How We Add Value to Reporting Businesses with Tableau Extensions

Data-driven decision-making is an essential pillar of business development and investment. It enhances the communication of good ideas, makes insights tangible to non-experts, and creates trust between clients and service providers. And surely, reporting businesses can only benefit from clean data pipelines and well-groomed data visualization. In what follows, I outline our perspective on how reporting businesses can enhance insight generation with customized dashboards.

The most important aspect of reporting visualizations is that they should be tailored to the needs of the target audience.  For example, financial and insurance risk analysts are familiar with crunching numbers and presenting reports to executives as a digestible product. These reports can cover numerous topics, various time intervals, and vast geographical data. For instance, the time interval of the credit reports can vary from yearly portfolios to hourly stock price dynamics. Additionally, they can cover the businesses of several institutions all over the world or just one bank in a given region. The granularity of the data presented in reports is only one of the aspects that demand flexibility and automation.

Introducing Tableau Extensions

There are various out-of-the-box solutions on the market to answer this demand. They provide the required flexibility and automation at a reasonable cost and with minimum staffing. In this article, we focus on what we can do with Tableau. The analytics and visualization platform Tableau has been catering to the needs of reporting firms for over a decade. Tableau is a dashboard-style presentation tool with lightweight data analysis options with sample code and various resources for the Tableau developer. It has a fast initial learning curve, it is well adjusted to various data sources and file types, intuitive to use, and fun to experiment with.

Tableau Extensions with Record Evolution
Image 1. Tableau’s Extensions Gallery

On the one hand, the Tableau software provides several figures and table types and formatting options for visualization. On the other hand, it is mainly a click-and-drop tool that has its limitations. For example, a live feedback widget on your risk assessment reports cannot be built using any of Tableau’s click-and-drop features. Luckily, there is a way to easily develop a custom-tailored app that can be embedded into the Tableau visualizations dashboard by using the Tableau Extensions API

Where Custom Extensions Come into Play

Tableau Extensions provide a headless browser-like interface in dashboards and an API to embed an application that can write/read data to/from the existing data sources and dashboards or communicate to a database. In a nutshell, it can accomplish almost all tasks that modern browsers can implement (i.e. similar to Chromium).

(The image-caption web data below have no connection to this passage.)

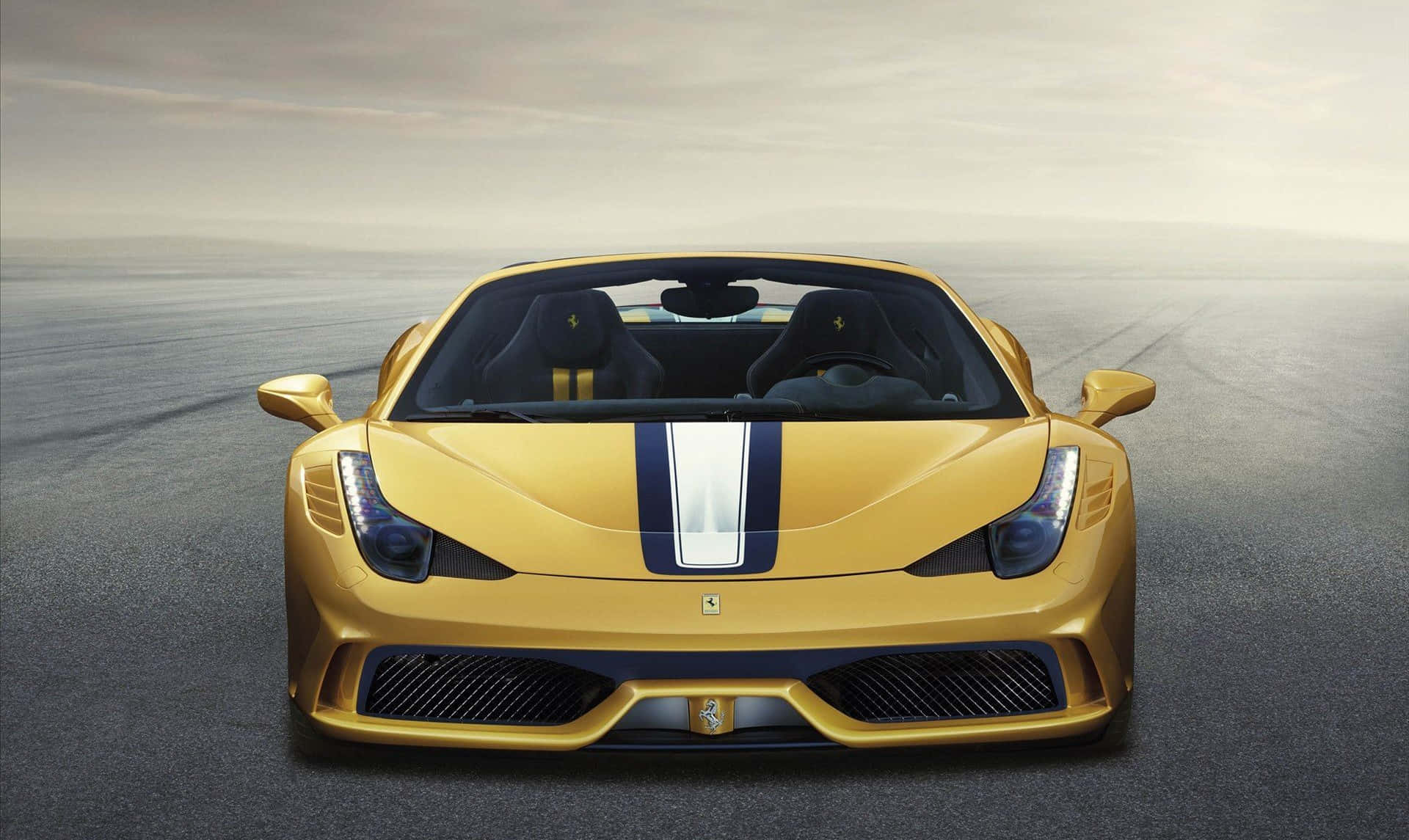 Ferrari 458 Speciale 桌布 壁紙 — 一輛帶有黑色賽車條紋的金色法拉利跑車，在灰濛濛的天空下，面向廣闊的灰色賽道前方。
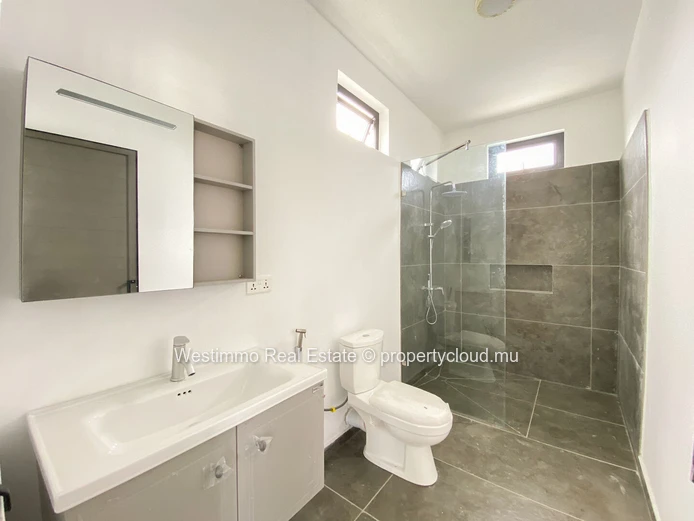 Calodyne - New house for sale 400m from the lagoon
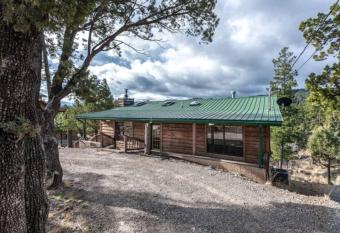 Hughes, Cabin at Ruidoso, with Forest View has Balcony rooms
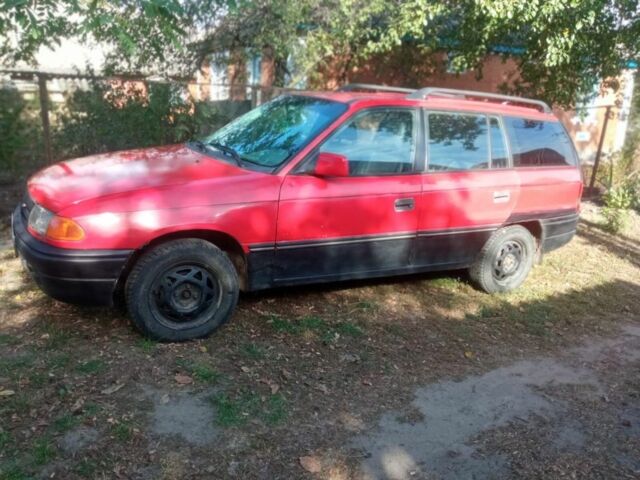 Красный Опель Астра, объемом двигателя 1.6 л и пробегом 300 тыс. км за 1000 $, фото 1 на Automoto.ua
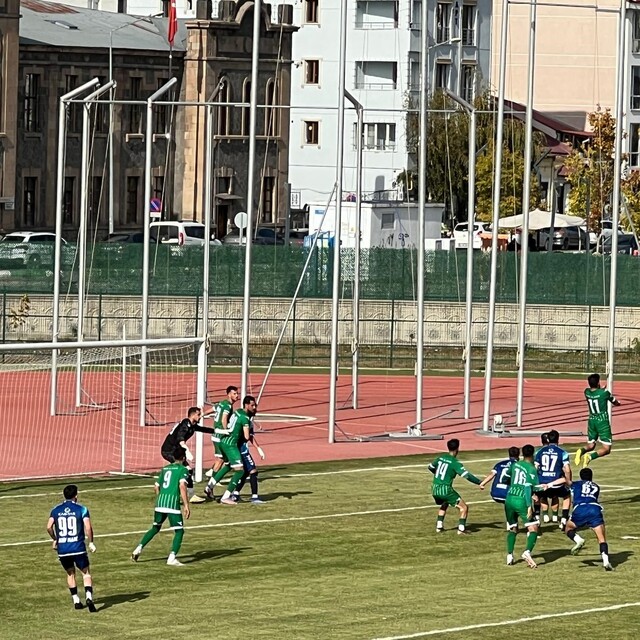 Kars 36 Spor: 3 Beşikdüzü 1834 Spor: 0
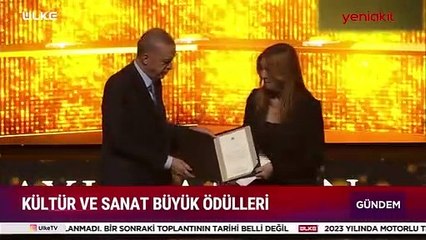 Cumhurbaşkanı Erdoğan'ın Yılmaz Erdoğan'a ödül vermesi bazı kesimleri rahatsız etti!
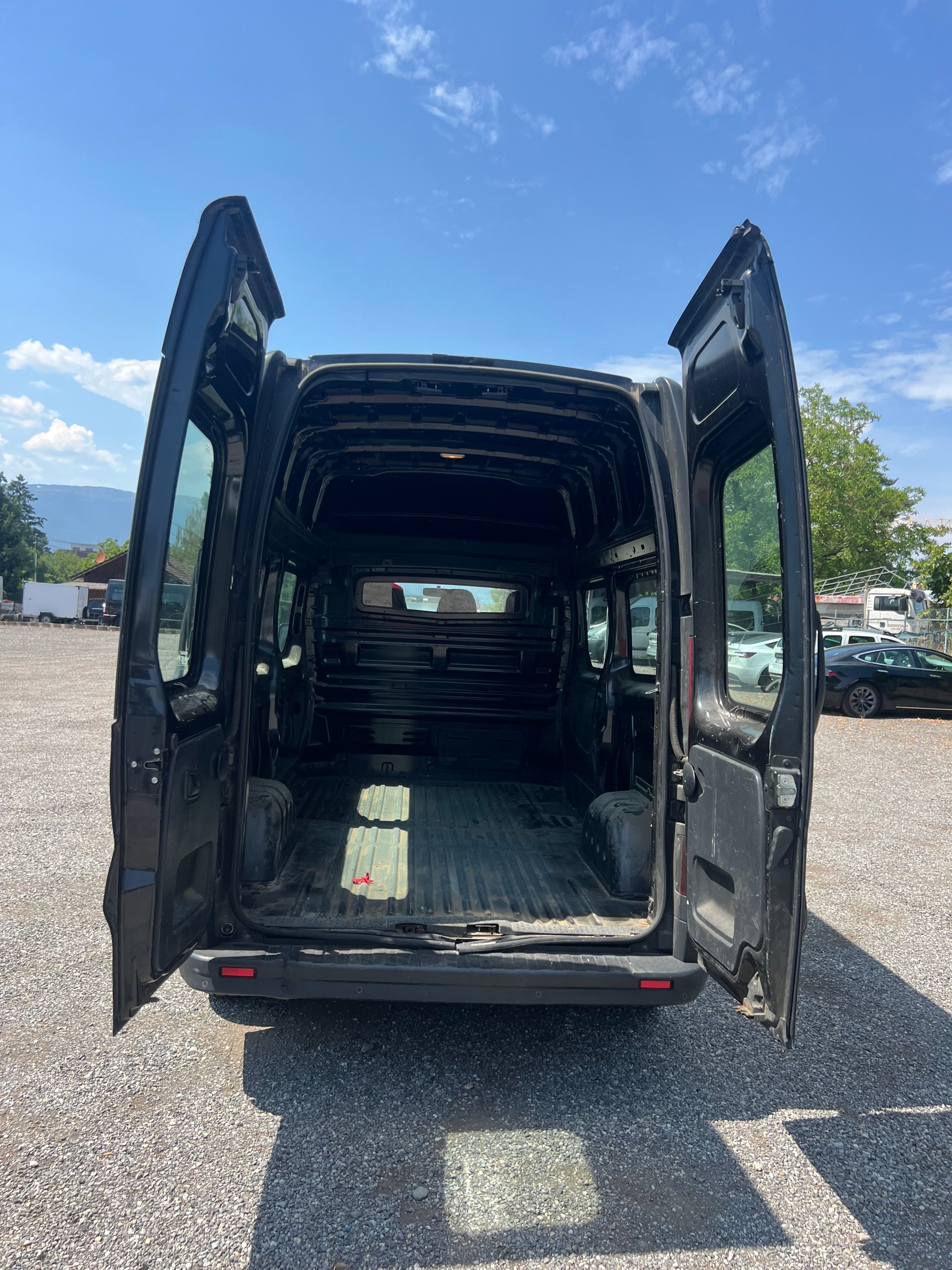 RENAULT Trafic 1.6 ENERGY TwinT. dCi145 2.9t Business L2H2-image-15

Customization with extensions

The customizations with extensions can provide the missing pieces of your report to address all the needs of the client. This includes comments by Tableau users, questionnaires, new visualizations, spell-checking, and custom testing, among others. (You might find an application for your needs on the Tableau Extension Gallery.) Dealing with extensions is not as trivial as dealing with click-and-drop features, however. It may require years of experience in web application development, depending on the complexity of the case.

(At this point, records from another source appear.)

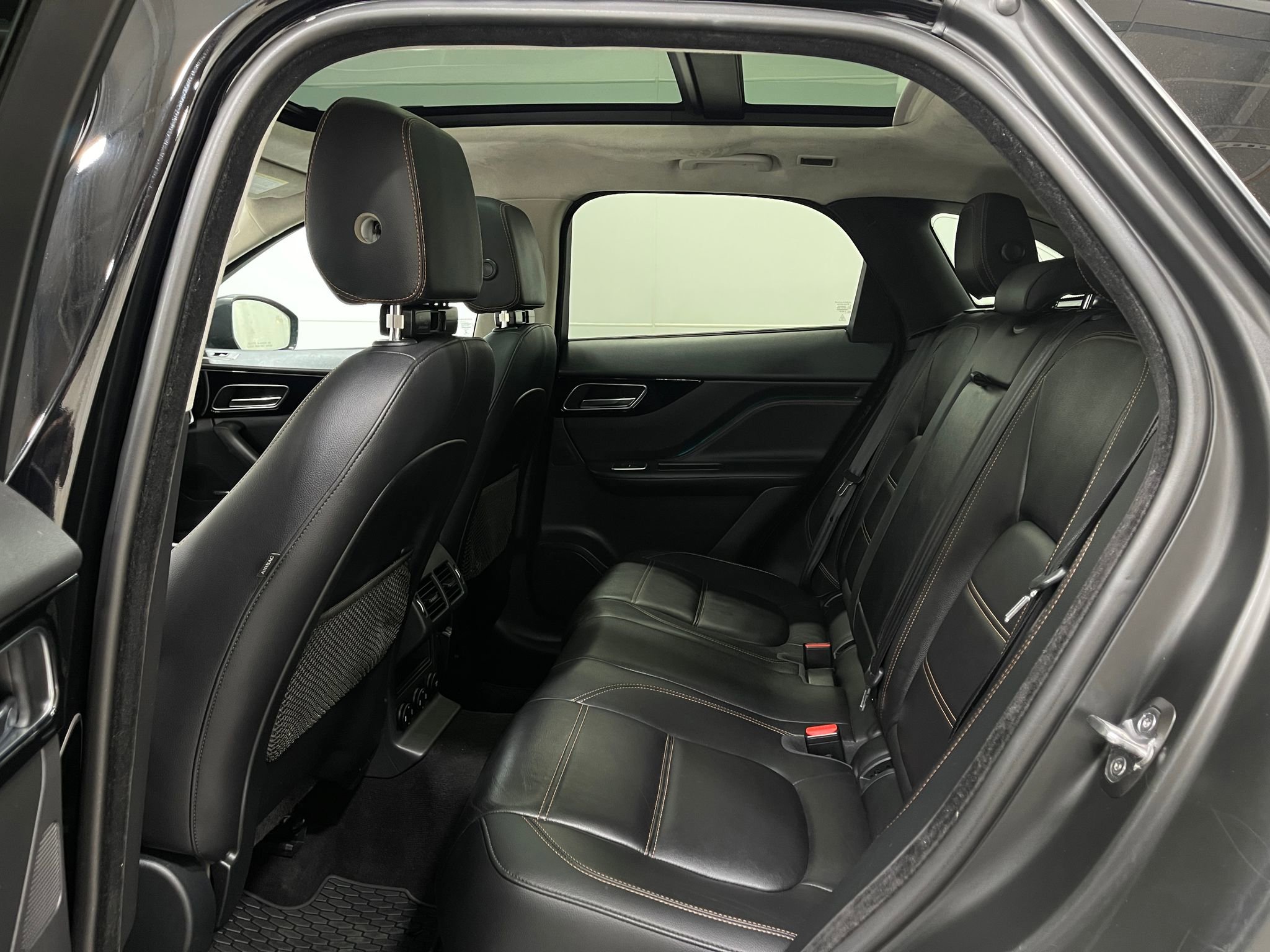 Used 2019 Jaguar F-PACE Prestige image 30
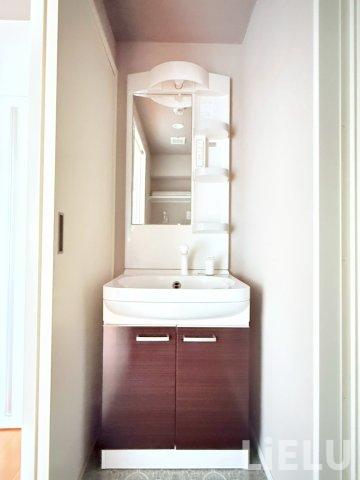 洗面設備　同シリーズ物件のモデルルームになります※現況優先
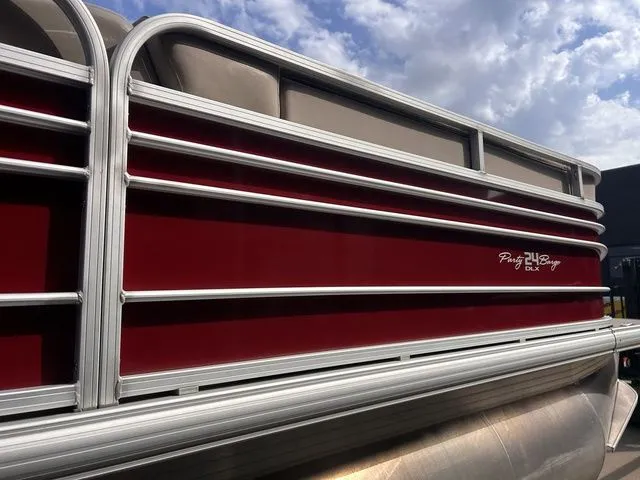 Slide: The Image of Sun Tracker Party Barge 24 DLX 2021 - 8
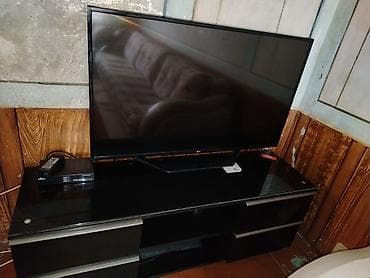 İşlənmiş, Düz TV altlığı, Polkalı, Şüşəli — 1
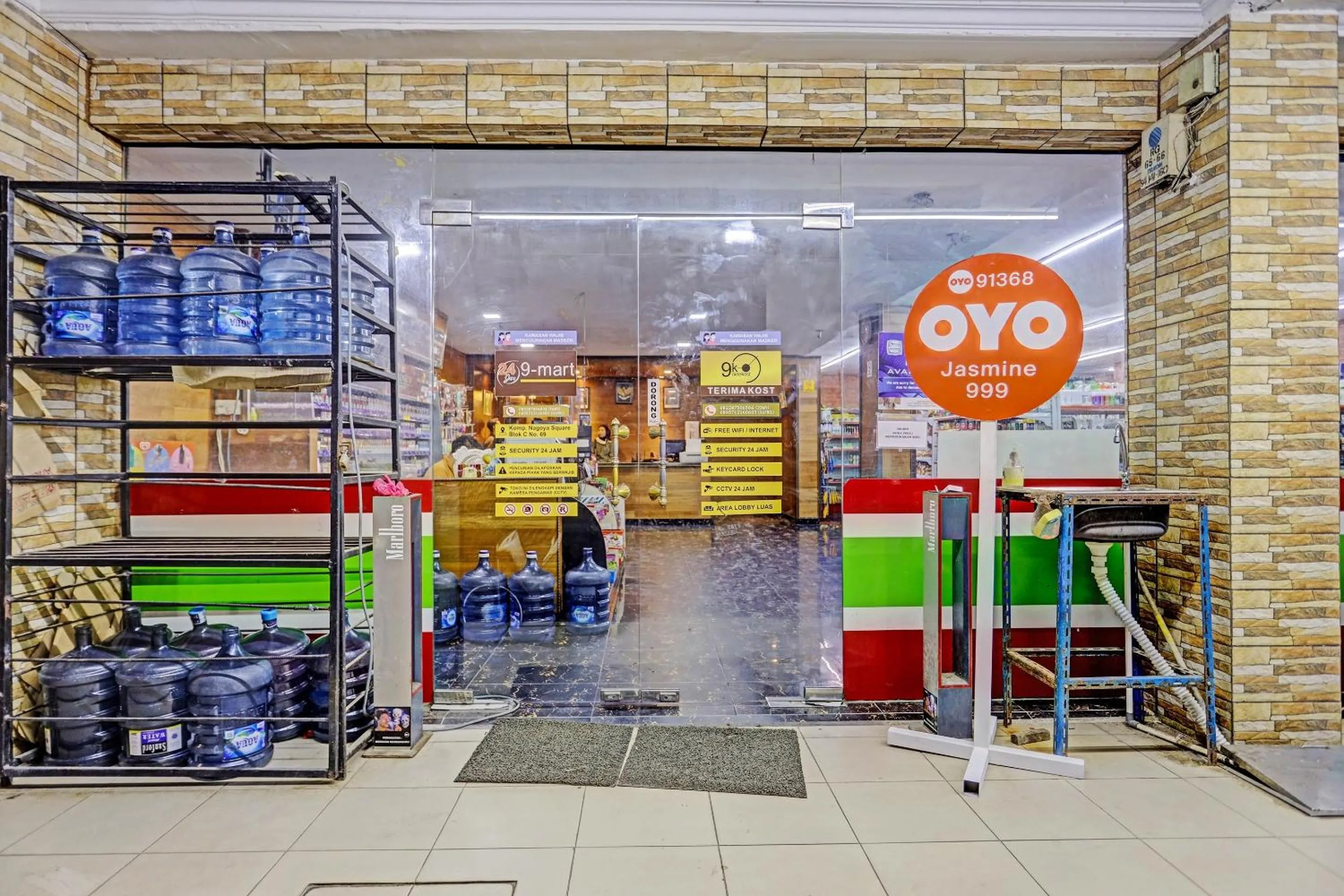 Facade/entrance in Hotel O Jasmine 999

Taking a concrete use case to show the power of extensions, one might look at data quality tests (DQTs ) for the data presented on dashboards. If the data source is an SQL server, the extension backend can be customized with SQL queries to create quality tests on the fly. This is an intricate job if one uses alternatives instead—either Tableau Rest API or Tableau Command Line Utility. 

Custom visualizations with Record Evolution
Image 2. Custom visualizations

Once developed via the Extension API, on-dashboard tests can reduce non-trivial human errors, help the analysts debug data source queries, and increase the scientific precision of the reports. As a result, decision-makers at any level benefit from a trusted source of information that helps them decide either to invest aggressively or retract from a potentially destructive decision.  

Custom visualizations

Another example is custom visualization: say a tree-type graph for company mergers over the course of several years. Such a graph is not a native figure type in the Tableau dashboard. But using well-maintained Javascript libraries (e.g. D3), an experienced developer can build the graph to enhance a manager’s view into the data. A Tableau Extension can provide a click-and-extend type of a tree graph with the merge information presented as a table upon hovering on nodes. The merge graph can be used as a dynamic filter to choose the data to be presented on a dashboard.

The Value Created by Extensions

Depending on the needs of your company or clients, custom enhancements of reports have the potential to add significant value to your business.

At Record Evolution, we have been consulting on data science and IT projects for many years.  We help credit reporting companies enhance business insights using state-of-the-art visualization tools such as PowerBI, Tableau (Tableau Server), and Qlick, all of which can be customized and extended using native Extension APIs. 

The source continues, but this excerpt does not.